→ **GOAL OF THE EXERCISE**: A verbatim copy of the records below, pictures omitted, is the task.

→ **DATASET CONTENT**:

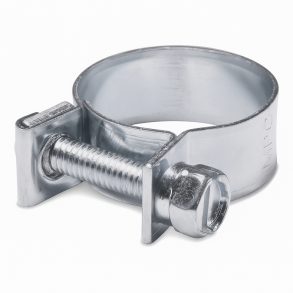 Mini Spndebnd rustfri 9-11mm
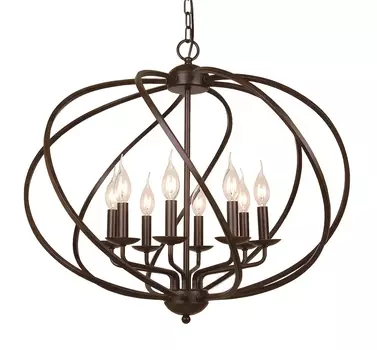 Люстра Maille из металла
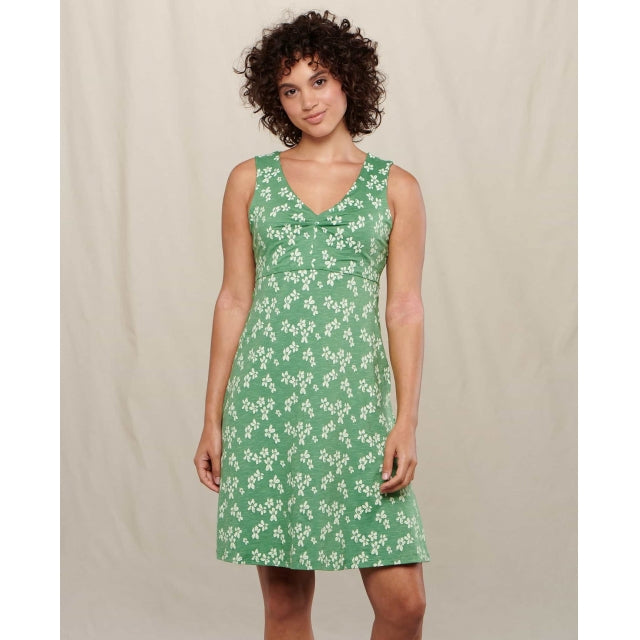 Womens Rosemarie Sl Dress Toad & Co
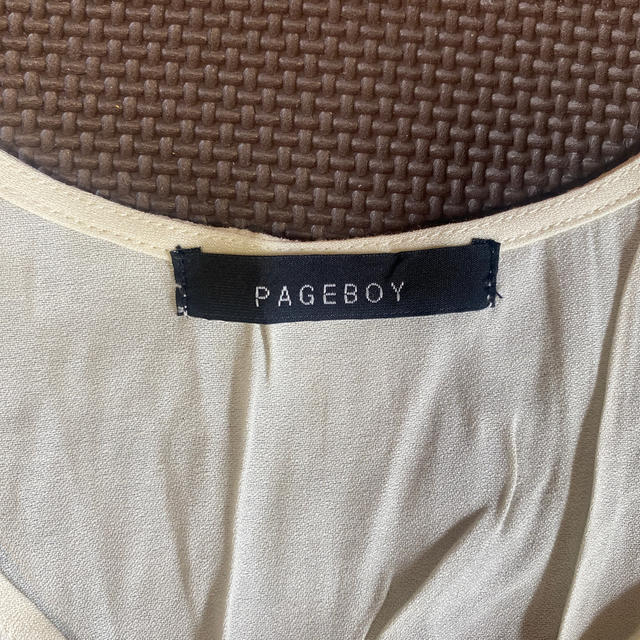 PAGEBOY(ページボーイ)のPAGEBOY ワンピース レディースのワンピース(ロングワンピース/マキシワンピース)の商品写真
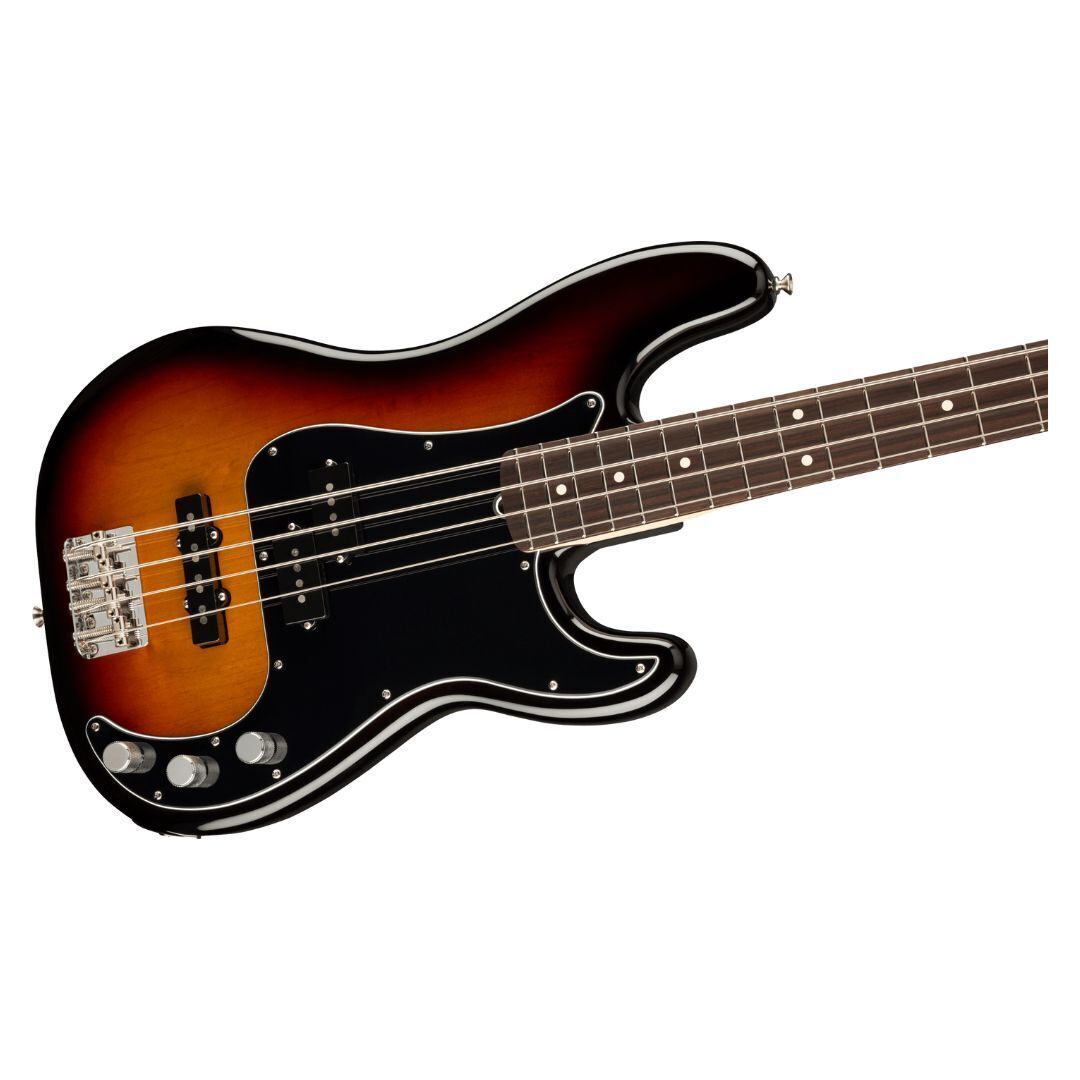 Fender American Performer Precision Bass Rosewood Fingerboard 3Color Sunburst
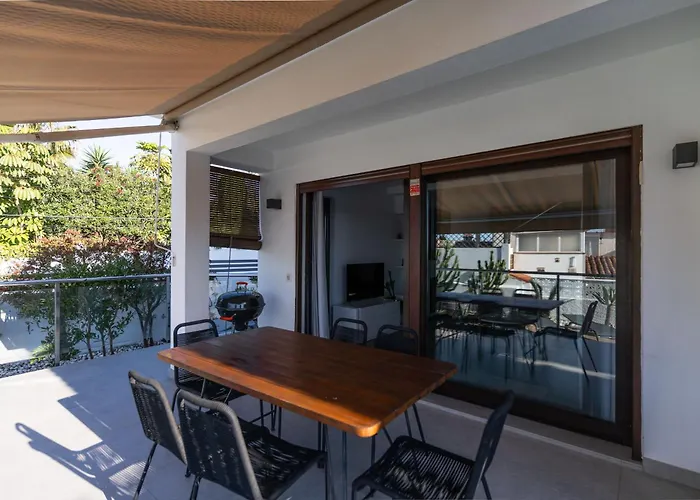 Modern Close To Costabella Villa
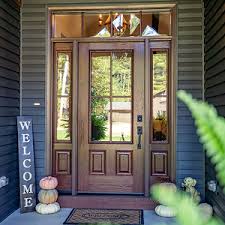 Entry Door Installation in Grapevine example 11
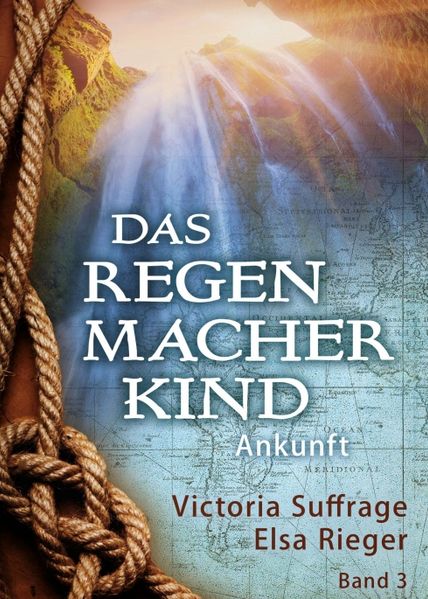 Cover von Das Regenmacherkind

→ **OUTPUT FOR THIS EXERCISE**:
 Mini Spndebnd rustfri 9-11mm
 Люстра Maille из металла
 Womens Rosemarie Sl Dress Toad & Co
 PAGEBOY(ページボーイ)のPAGEBOY ワンピース レディースのワンピース(ロングワンピース/マキシワンピース)の商品写真
 Fender American Performer Precision Bass Rosewood Fingerboard 3Color Sunburst
 Modern Close To Costabella Villa
 Entry Door Installation in Grapevine example 11
 Cover von Das Regenmacherkind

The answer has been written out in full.